Al mediodía, agobiada por el hambre bajó a ver a los otros comer y cuando pasaba frente a un compañero, que degustaba una vasija repleta de macarrones, le sonó tan sonoramente el estómago que el hombre le dijo: ya almorzó Rufimar. Pero ella, por vergüenza le contestó que sí. ‘Qué lástima, replicó él, pues fíjese que le iba a dar esta, otra que traje para la cena, pero como ya terminé mi trabajo, me retiro enseguida’. Rufimar suspiró resignada y en eso se le acercó Berlusconi, el jefe de Seguridad, a quien por su nariz alargada le apodaban de esa forma. El hombre, cuya fama de astuto era conocida en toda la empresa, después de pasarle la vista lujuriosa por todo el cuerpo le preguntó si ya había conseguido los veinte dólares. Sorprendida de que él supiera de su necesidad, lo miró, pero él, sin ningún reparo, le dijo que enseguida le conseguía eso y treinta más siempre y cuando ella fuera en una hora a la sala de descanso. ‘Será dando y dando, usted entra y enseguida le pongo en sus manos la plata’.
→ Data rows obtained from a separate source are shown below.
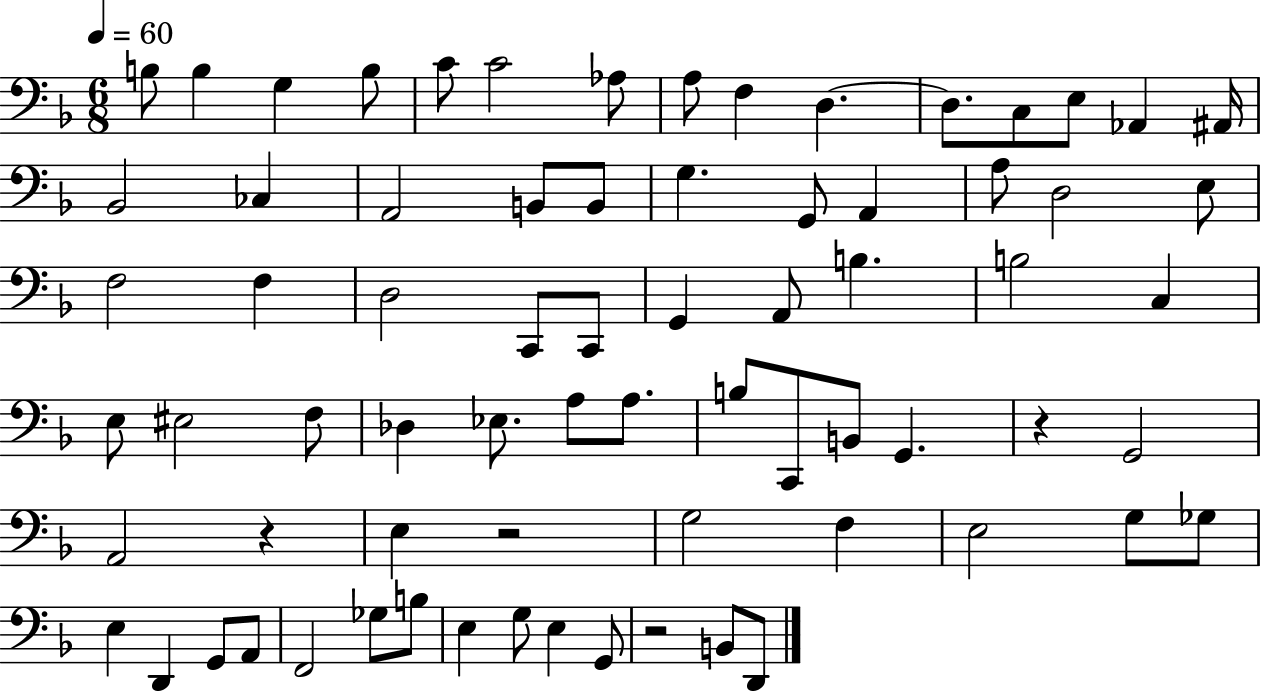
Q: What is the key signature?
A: F major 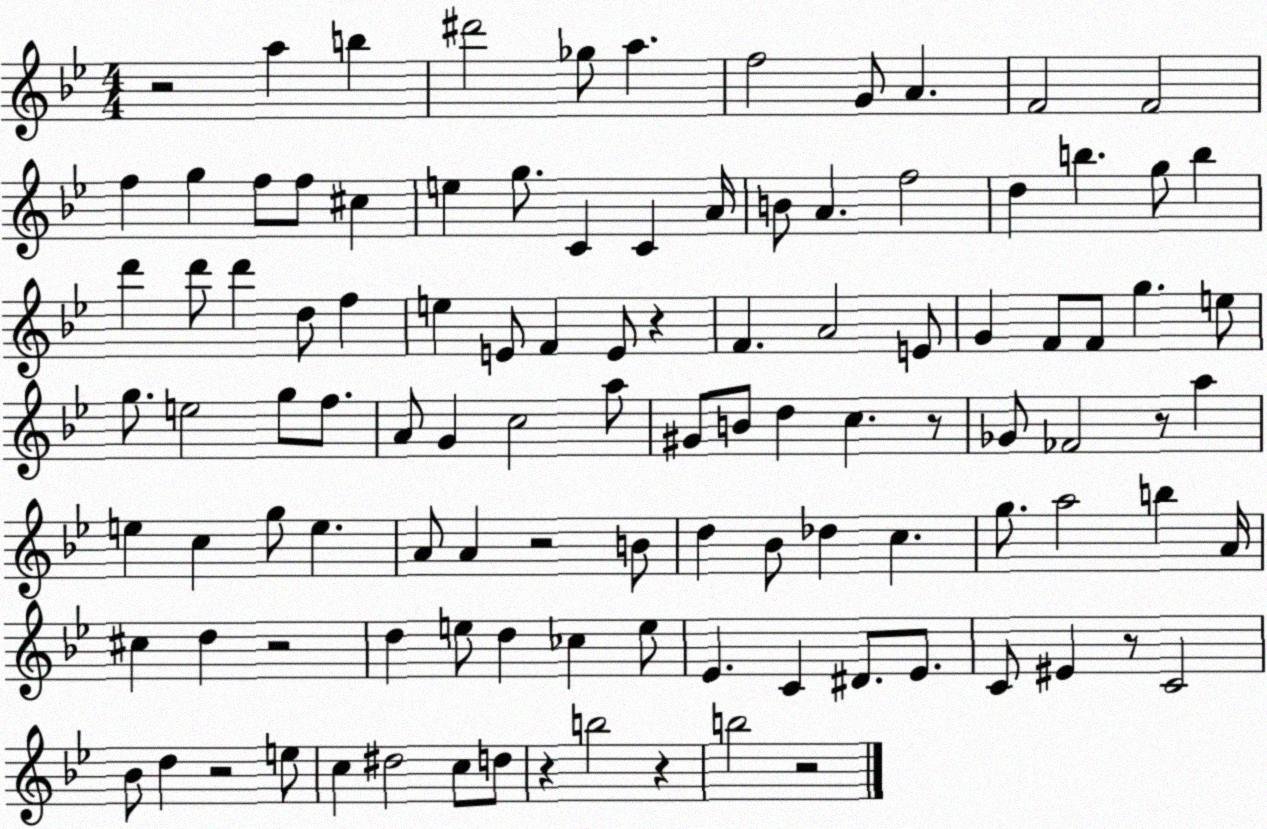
X:1
T:Untitled
M:4/4
L:1/4
K:Bb
z2 a b ^d'2 _g/2 a f2 G/2 A F2 F2 f g f/2 f/2 ^c e g/2 C C A/4 B/2 A f2 d b g/2 b d' d'/2 d' d/2 f e E/2 F E/2 z F A2 E/2 G F/2 F/2 g e/2 g/2 e2 g/2 f/2 A/2 G c2 a/2 ^G/2 B/2 d c z/2 _G/2 _F2 z/2 a e c g/2 e A/2 A z2 B/2 d _B/2 _d c g/2 a2 b A/4 ^c d z2 d e/2 d _c e/2 _E C ^D/2 _E/2 C/2 ^E z/2 C2 _B/2 d z2 e/2 c ^d2 c/2 d/2 z b2 z b2 z2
Rufimar, pensativa, subía hacia su oficina cuando se encontró con Tavo, un empleado de Logística. ‘Hey, préstame diez hasta mañana, tengo el carro en el taller y…’ Rufimar se lo llevó a una esquina y allí tramaron un plan.

Una hora después, la curvilínea Rufimar bajó nerviosa a la sala de descanso. Ya allí estaba Berlusconi esperándola y enseguida, tal como lo había dicho, le entregó el dinero al tiempo que iba quitándole la ropa. En cosa de segundos el hombre la desvistió y ya metía su larga nariz por entre sus senos, pero sin desvestirse él, cuando por fin pasó lo que Rufimar esperaba: sonaron todas las alarmas de la empresa. Por la sorpresa y el terror de que su mujer, que también laboraba allí, fuera a descubrirlo, el hombre clavó sus dientes en los senos tentadores de Rufimar, quien lanzó gritos de dolor que nadie oyó. Pero Berlusconi, que solo necesitó cerrar la bragueta de su pantalón, no la auxilió, al contrario, salió corriendo y abriéndose paso entre la multitud que corría sin saber qué pasaba, en dos zancadas y arma en mano llegó a la oficina del gerente, dispuesto a socorrerlo.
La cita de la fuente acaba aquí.